The math doesn't add up? You math actually doesn't add up. Let's all learn some accounting:
EBITDA margin can provide an investor, business owner or financial professional with a clear view of a company's operating profitability and
cash flow
That's more or less the cash burn and really adjusted EBITDA is probably closer to the cash burn. $10.7 million in Q2. $56 million in cash minus $11million in Q3 & $11million in Q4= $36 million in cash. $43-$45 million in cash at the end of 2016 must assume lower expenses in Q3 &Q4 or higher sales or a combo.
Let's say they are wrong and they end up with $36 million at the end of 2016. $36 million takes them to Q417 if sales don't improve or expenses don't go down. They filed the shelf to do a 2nd offering plus have a $15million credit line in case that happens.
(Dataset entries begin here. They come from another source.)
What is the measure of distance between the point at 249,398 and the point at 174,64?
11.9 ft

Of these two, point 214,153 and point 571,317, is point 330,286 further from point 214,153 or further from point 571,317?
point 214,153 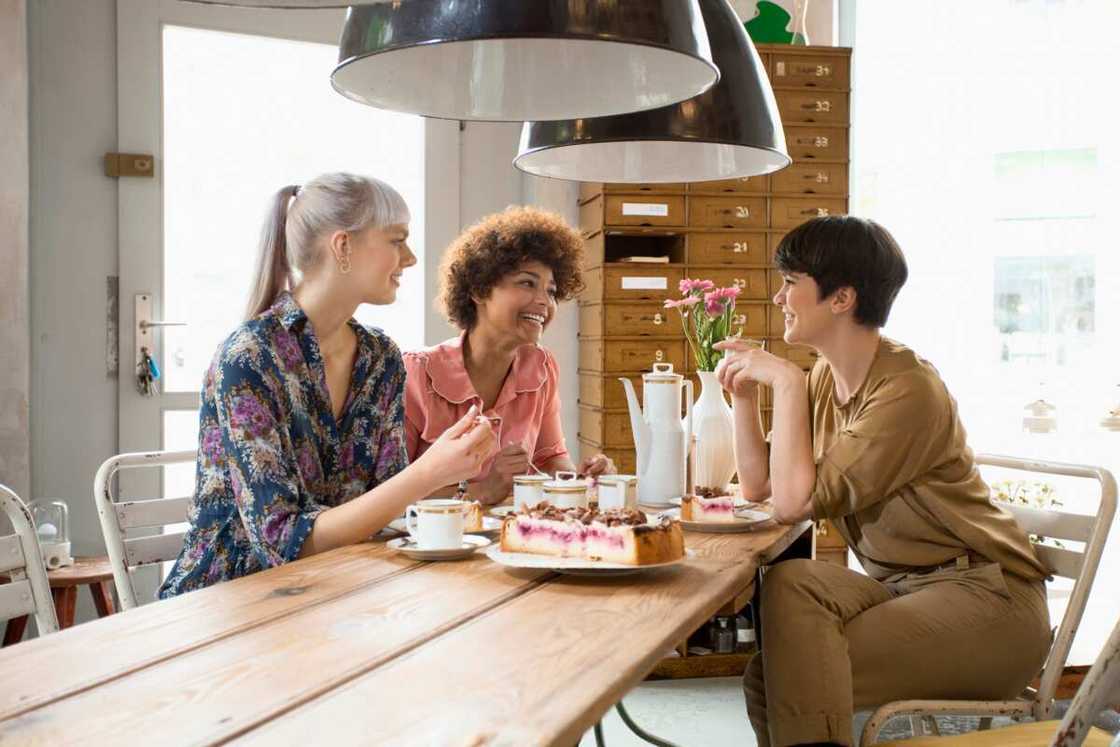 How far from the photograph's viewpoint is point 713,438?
2322mm

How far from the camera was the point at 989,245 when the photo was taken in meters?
4.67

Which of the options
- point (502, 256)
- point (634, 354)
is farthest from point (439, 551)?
point (634, 354)

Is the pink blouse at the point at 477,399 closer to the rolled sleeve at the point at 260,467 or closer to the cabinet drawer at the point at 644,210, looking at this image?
the rolled sleeve at the point at 260,467

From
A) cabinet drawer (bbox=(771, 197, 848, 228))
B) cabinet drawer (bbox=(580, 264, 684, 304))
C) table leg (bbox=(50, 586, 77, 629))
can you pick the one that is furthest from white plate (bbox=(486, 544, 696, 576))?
cabinet drawer (bbox=(771, 197, 848, 228))

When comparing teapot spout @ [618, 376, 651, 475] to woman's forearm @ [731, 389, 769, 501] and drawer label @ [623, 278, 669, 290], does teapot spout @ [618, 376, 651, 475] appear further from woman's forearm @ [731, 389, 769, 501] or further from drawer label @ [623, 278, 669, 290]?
drawer label @ [623, 278, 669, 290]

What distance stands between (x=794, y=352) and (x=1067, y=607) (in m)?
2.33

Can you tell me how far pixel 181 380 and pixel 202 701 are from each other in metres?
2.92

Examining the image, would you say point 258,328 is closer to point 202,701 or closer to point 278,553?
point 278,553

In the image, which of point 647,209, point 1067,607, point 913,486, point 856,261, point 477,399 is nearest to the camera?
point 1067,607

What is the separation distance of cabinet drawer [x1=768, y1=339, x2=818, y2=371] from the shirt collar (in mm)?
1553

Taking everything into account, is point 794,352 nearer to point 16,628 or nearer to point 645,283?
point 645,283

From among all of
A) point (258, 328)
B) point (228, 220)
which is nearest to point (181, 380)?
point (228, 220)

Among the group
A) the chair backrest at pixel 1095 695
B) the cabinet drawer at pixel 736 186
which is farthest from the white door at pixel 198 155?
the chair backrest at pixel 1095 695

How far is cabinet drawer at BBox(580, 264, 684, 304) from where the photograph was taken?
4.04m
If sales grow from $19 million to $30 Million a quarter that gets them to profitability at the same expenses. That seems like a lot, and it is, but that's approximately an extra 55 systems in 2017. U.S. sales goes from 15 a quarter to 30 a quarter and they are cash flow positive. That math isn't that unrealistic. That also assumes path & other products are flat, which they are not currently flat. It will be a tough road but if Gen 3 works and they can sell more each quarter they might make it.